--- START ---

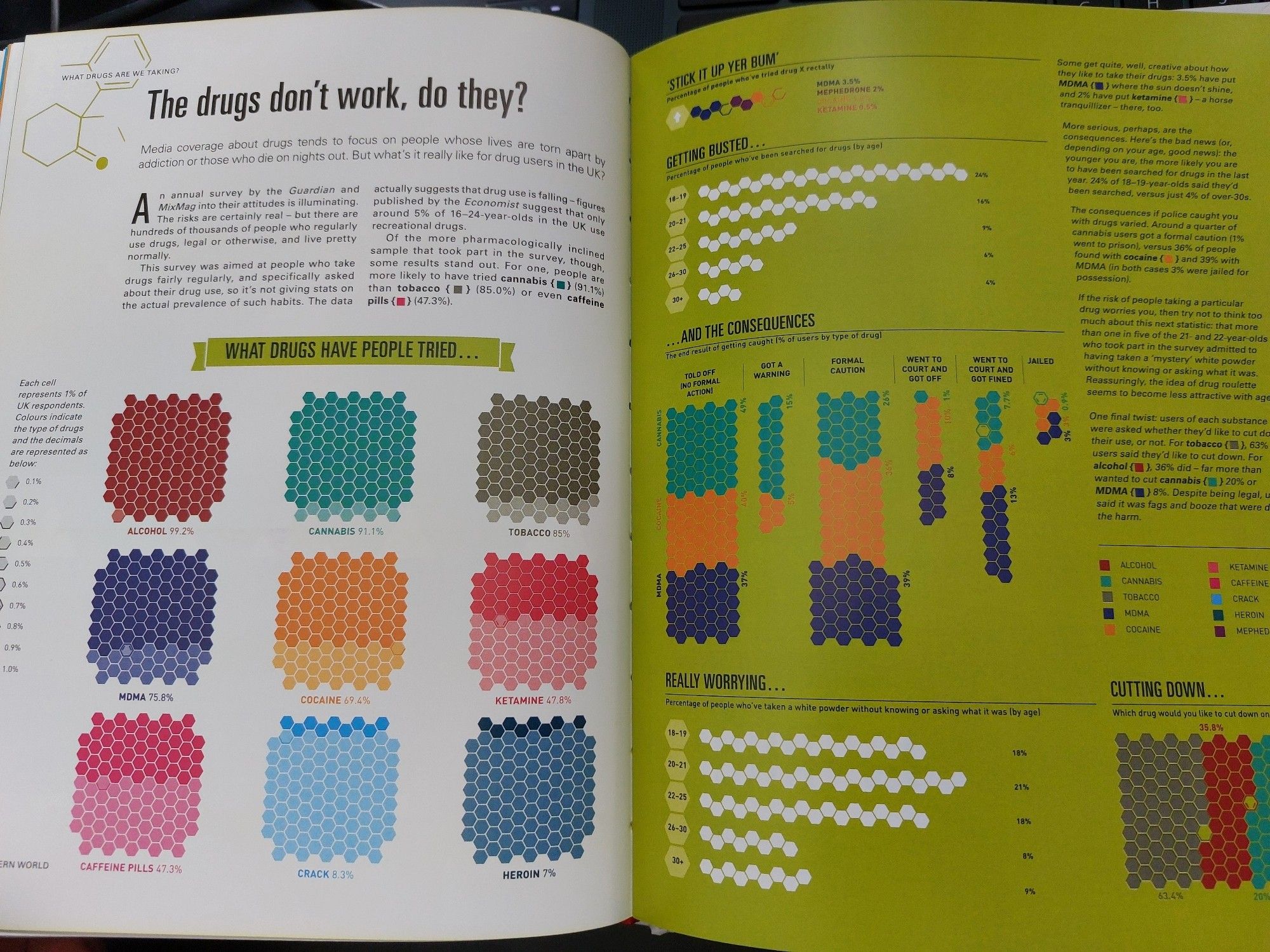 Diagram showing proportions of population using various recreational drugs.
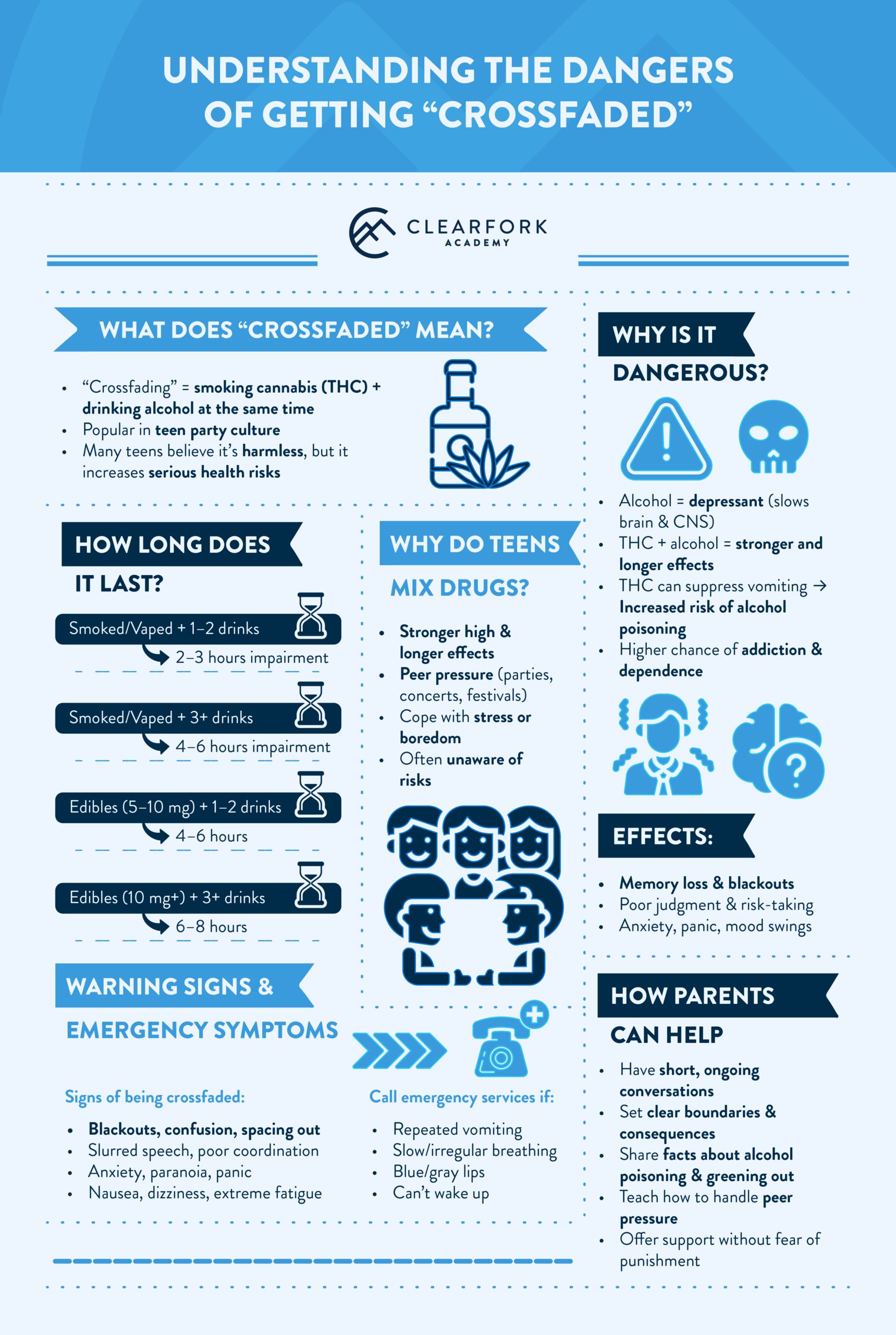 What does crossfaded mean? Learn what happens when teens mix alcohol and marijuana, the risks involved, warning signs, and how parents can respond.
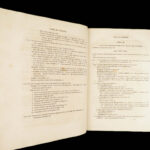 Commentaries on the Laws of Scotland – George Joseph Bell – 1816 | 2 Volumes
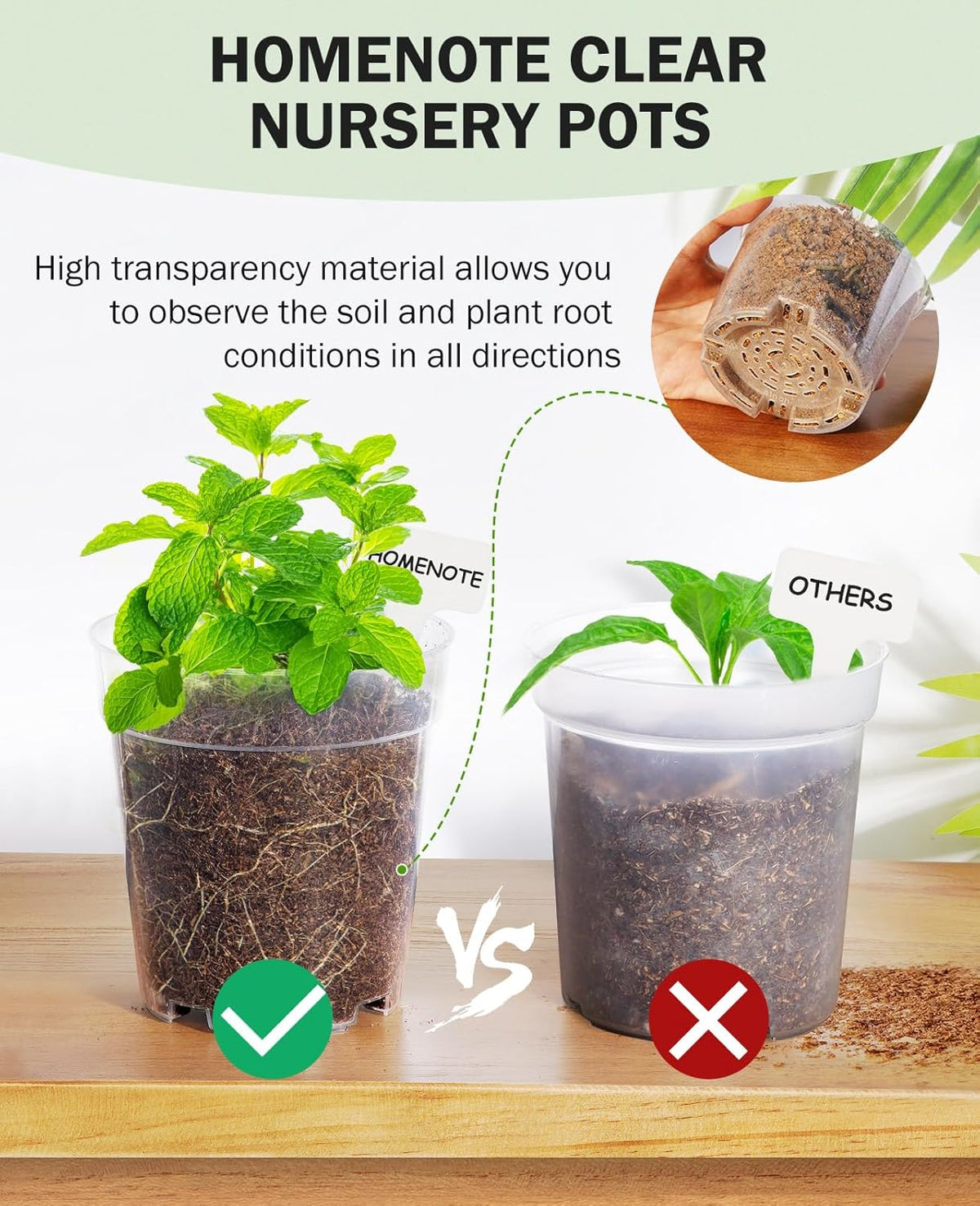 homenote Clear Nursery Pots for Plant,3/4/5 Inch Plant Pot for Planting Plastic Seedling with Drainage Holes Seed Starter Flower High Transparency 20 Labels Excellent Hardness(30 Pack)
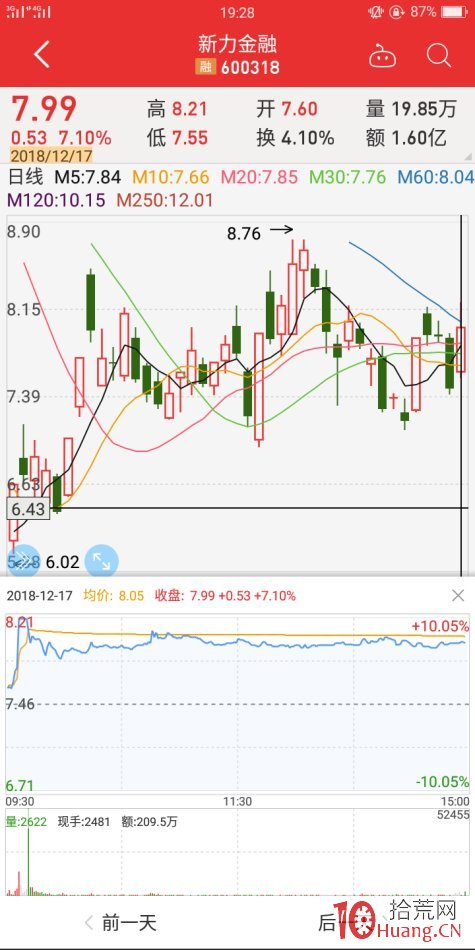地天板失敗案例2（圖解）,拾荒網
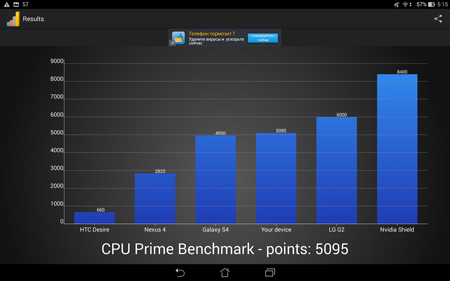 450x281  61 KB. Big one: 1500x938  567 KB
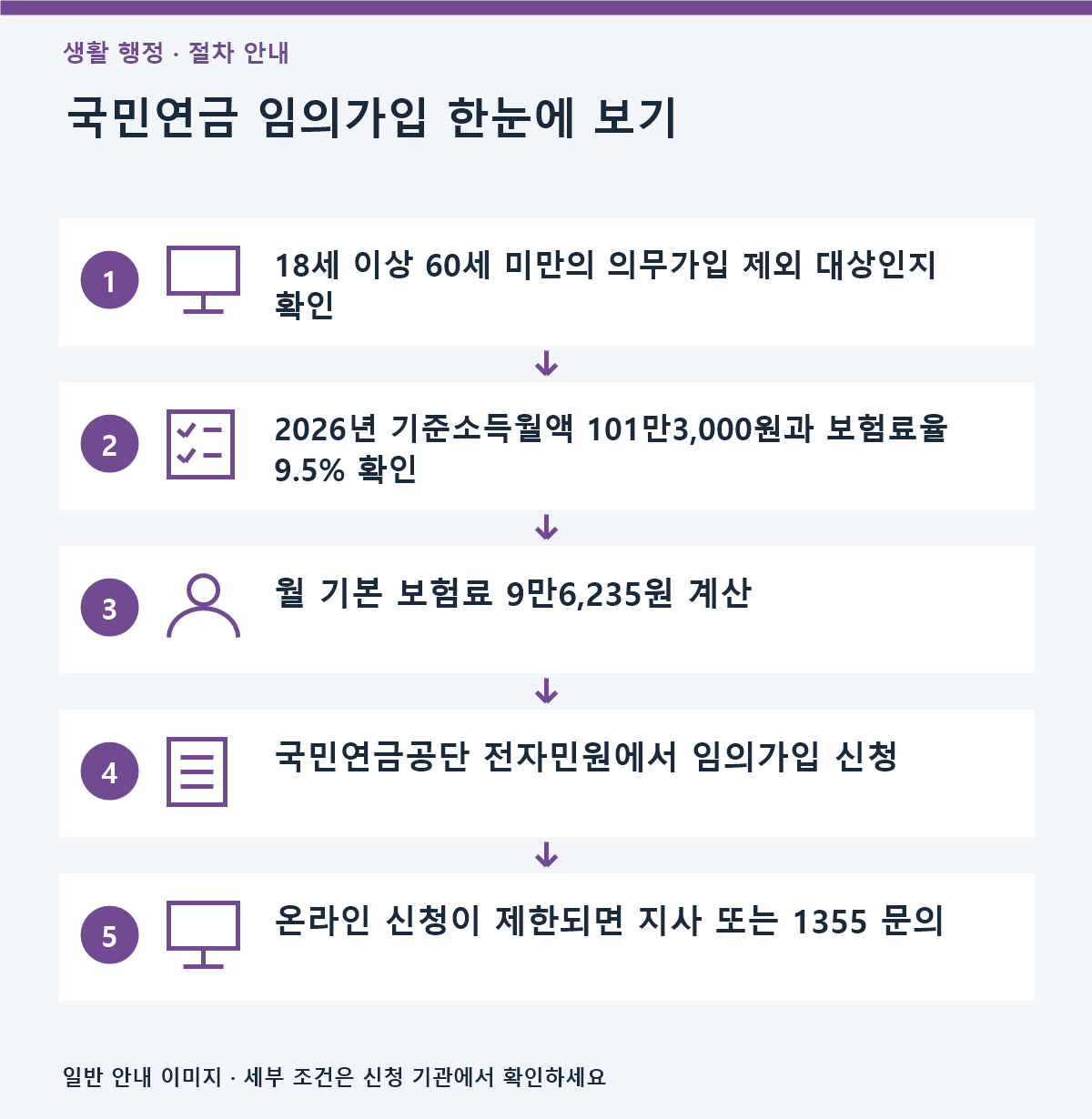 국민연금 임의가입 신청 방법|대상·보험료·온라인 신청 2 국민연금 임의가입 대상과 2026년 보험료 9만6,235원, 온라인 신청 절차를 정리한 3대2 비율 정보형 인포그래픽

--- END ---

**Work required:** Pictures aside, reproduce exactly the lines from the one containing "homenote Clear Nursery" to the end of the listing above, both ends included.

**Solution to this task:**
 homenote Clear Nursery Pots for Plant,3/4/5 Inch Plant Pot for Planting Plastic Seedling with Drainage Holes Seed Starter Flower High Transparency 20 Labels Excellent Hardness(30 Pack)
地天板失敗案例2（圖解）,拾荒網
 450x281  61 KB. Big one: 1500x938  567 KB
 국민연금 임의가입 신청 방법|대상·보험료·온라인 신청 2 국민연금 임의가입 대상과 2026년 보험료 9만6,235원, 온라인 신청 절차를 정리한 3대2 비율 정보형 인포그래픽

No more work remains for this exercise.